For nuclear theorists, the overarching challenge is to develop a comprehensive description of nuclei and their reactions, grounded in the fundamental interactions between the constituent nucleons with quantifiable uncertainties to maximize predictive power. As experimental frontiers have shifted to the study of rare isotopes, the predictive power of successful phenomenological approaches like the shell model and density functional theory is challenged by the scarcity of nearby experimental data to constrain model parameters. Therefore, it is expected that few-body and many-body methods will play an increasingly prominent role to help improve the predictive power of such “data driven” methods as experiment moves deeper into largely unexplored regions of the nuclear chart.
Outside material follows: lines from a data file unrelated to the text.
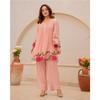 Beautiful Embroidery Kurta Pant Cord Set Indian Women Party Wear Kurta Set Dress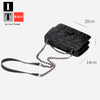Quilted-effect Chain Shoulder Bag 4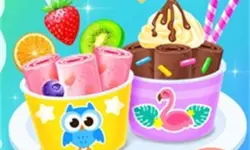 Baby Taylor Ice Cream Roll Fun Game image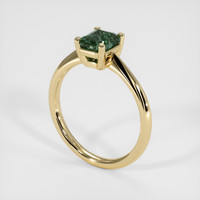 0.83 Ct. Green Sapphire Ring, 10K Yellow Gold 2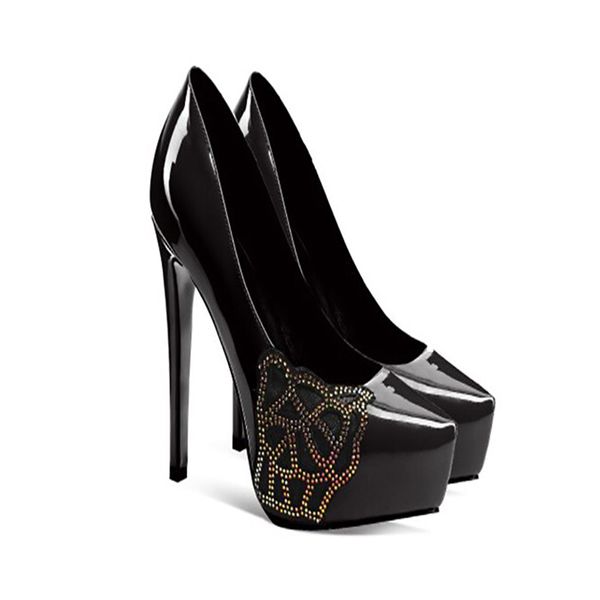 2020 new spring summer rhinestone mesh bright leather stiletto high heels atmosphere professional patform shoes, Black
2020 new spring summer rhinestone mesh bright leather stiletto high heels atmosphere professional patform shoes, Black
To understand why nuclear matter is stable, and thereby shed light on the limits of nuclear stability, is one of the overarching aims and intellectual challenges of basic research in nuclear physics. To relate the stability of matter to the underlying fundamental forces and particles of nature as manifested in nuclear matter, is central to present and planned rare isotope facilities. From a theoretical standpoint, this involves understanding how the basic building blocks of Nature interact and conspire to build up atomic nuclei as we know them, with the aim to understand what makes visible matter stable. The theoretical efforts span from methods like lattice quantum chromodynamics, via effective field theories to many-body theories applied to atomic nuclei and infinite nuclear matter. All these methods rely on theoretical approximations whose applicabilities are often limited by the dimensionality of the specific problem being studied. In recent years, there has been considerable progress in developing quantum-computing algorithms applied to quantum many-body systems, with the hope to circumvent many of the classically intractable problems.
This proposal for a Nuclear Talent school aims at bringing together the efforts of nuclear many-body theorists, quantum information theorists, and mathematicians in order to present and discuss algorithms for studying nuclear systems using recent progress in quantum information theory.